Records drawn from a dataset:
* * *
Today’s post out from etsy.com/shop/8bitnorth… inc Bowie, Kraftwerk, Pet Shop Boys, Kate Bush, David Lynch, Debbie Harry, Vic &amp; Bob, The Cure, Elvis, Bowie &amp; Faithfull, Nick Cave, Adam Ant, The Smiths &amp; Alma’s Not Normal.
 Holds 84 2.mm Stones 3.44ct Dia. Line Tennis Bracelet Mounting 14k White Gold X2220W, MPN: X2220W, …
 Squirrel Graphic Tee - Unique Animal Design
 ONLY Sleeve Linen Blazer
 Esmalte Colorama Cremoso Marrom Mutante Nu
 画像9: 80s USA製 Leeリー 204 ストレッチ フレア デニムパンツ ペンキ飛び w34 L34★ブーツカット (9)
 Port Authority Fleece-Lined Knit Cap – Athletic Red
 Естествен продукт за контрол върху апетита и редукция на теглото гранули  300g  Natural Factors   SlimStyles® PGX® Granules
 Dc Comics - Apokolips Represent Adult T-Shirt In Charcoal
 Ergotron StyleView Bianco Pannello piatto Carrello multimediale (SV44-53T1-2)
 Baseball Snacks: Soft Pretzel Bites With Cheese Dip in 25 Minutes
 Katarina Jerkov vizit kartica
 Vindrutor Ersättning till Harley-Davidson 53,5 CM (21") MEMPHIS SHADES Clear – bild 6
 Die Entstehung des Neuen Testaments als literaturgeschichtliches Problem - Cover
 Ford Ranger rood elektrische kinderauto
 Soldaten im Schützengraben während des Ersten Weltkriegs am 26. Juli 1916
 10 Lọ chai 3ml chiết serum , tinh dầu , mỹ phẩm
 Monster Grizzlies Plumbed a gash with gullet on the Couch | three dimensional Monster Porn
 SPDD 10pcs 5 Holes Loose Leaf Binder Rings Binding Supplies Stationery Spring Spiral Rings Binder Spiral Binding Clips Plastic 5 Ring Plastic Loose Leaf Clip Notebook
* * *
**Your assignment**
Once you find the line with "Dc Comics - Apokolips" above, print it and every line after it up to and including the line with "Vindrutor Ersättning till", exactly as written and nothing else.

**Completed exercise**
 Dc Comics - Apokolips Represent Adult T-Shirt In Charcoal
 Ergotron StyleView Bianco Pannello piatto Carrello multimediale (SV44-53T1-2)
 Baseball Snacks: Soft Pretzel Bites With Cheese Dip in 25 Minutes
 Katarina Jerkov vizit kartica
 Vindrutor Ersättning till Harley-Davidson 53,5 CM (21") MEMPHIS SHADES Clear – bild 6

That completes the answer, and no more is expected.